One of the key challenges is how access to such genetic and phenotype collections can be used to identify environmental risks. “We know about 60 percent of autism risk is genetic,” Lash said. “We want to better identify the environmental conditions that contribute [to the other 40 percent].”
Troyanskaya uses computer science, statistical methods, and molecular biology to develop novel computational algorithms and systems to address important disease questions. She and her colleagues hope that understanding gene function and regulation in biological networks, in a cell-lineage and tissue-specific context, can lead to better understanding of complex human disease.
For example, she can combine a brain-specific functional network with known autism-associated genes to predict new ASD-gene associations, even for genes that have never before been detected in sequencing studies. Troyanskaya suggested that such associations may help direct future resequencing efforts, or analysis of whole-genome ASD data.
The computational analysis she performs to evaluate hypertension-associated genes combines a kidney-specific functional signal network with hypertension genome-wide association studies (GWAS). The technique is called Network-guided association study (NetWAS). “If you put functional genomics together with computational genetics, you can identify disease-associated genes a lot more accurately than if you use each by itself,” Troyanskaya said.
The approach can be applied to any GWAS, and more importantly, retains the unbiased nature of GWAS. Troyanskaya characterized NetWAS as discovery-driven, and because it does not depend on known disease-gene associations, it permits discovery of novel associations. “So it can be used with rare diseases or genetically undercharacterized processes, like, for example, environmental factors,” she said.
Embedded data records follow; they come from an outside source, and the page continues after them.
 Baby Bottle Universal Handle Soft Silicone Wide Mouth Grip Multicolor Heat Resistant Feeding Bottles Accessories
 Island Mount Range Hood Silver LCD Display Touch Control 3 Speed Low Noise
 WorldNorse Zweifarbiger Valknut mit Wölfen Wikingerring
Environmental factors are, of course, of key interest to scientists at NIEHS, and teasing out the relative roles of exposures and genetics concerns both in-house scientists and grantees of the institute.
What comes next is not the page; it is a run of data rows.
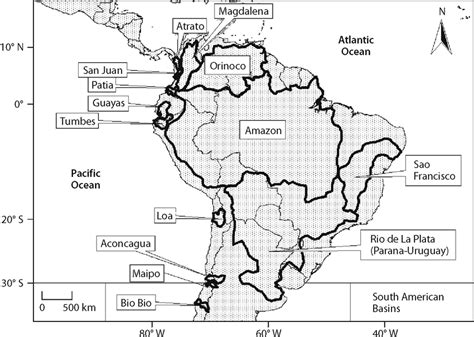 1 Map Showing The Major Basins In South America Draining Into The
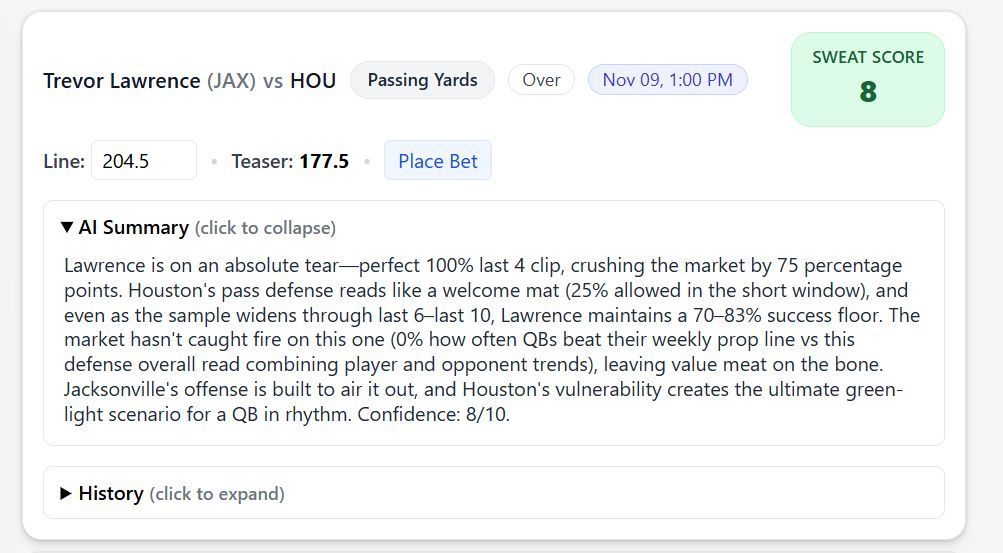 SweatAnalytics's tweet image. Jacksonville Jaguars @ Houston Texans

Trevor Lawrence OVER 204.5 Passing Yds
Woody Marks UNDER 33.5 Rushing Yds
Dalton Schultz OVER 36.5 Receiving Yds
Parker Washington OVER 4.5 Receptions
Xavier Hutchinson UNDER 1.5 Receptions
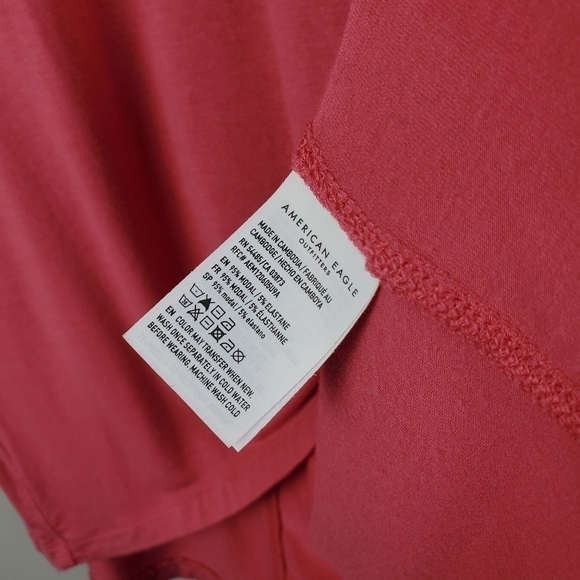 American Eagle Pink Coral Soft and Sexy Short Sleeve Tee XS - Picture 4 of 5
Citation: Greene CS, Krishnan A, Wong AK, Ricciotti E, Zelaya RA, Himmelstein DS, Zhang R, Hartmann BM, Zaslavsky E, Sealfon SC, Chasman DI, FitzGerald GA, Dolinski K, Grosser T, Troyanskaya OG. 2015. Understanding multicellular function and disease with human tissue-specific networks. Nat Genet. 47:569-576.
(Tara Ann Cartwright, Ph.D., is a former postdoctoral fellow in the NIEHS Intracellular Regulation Group).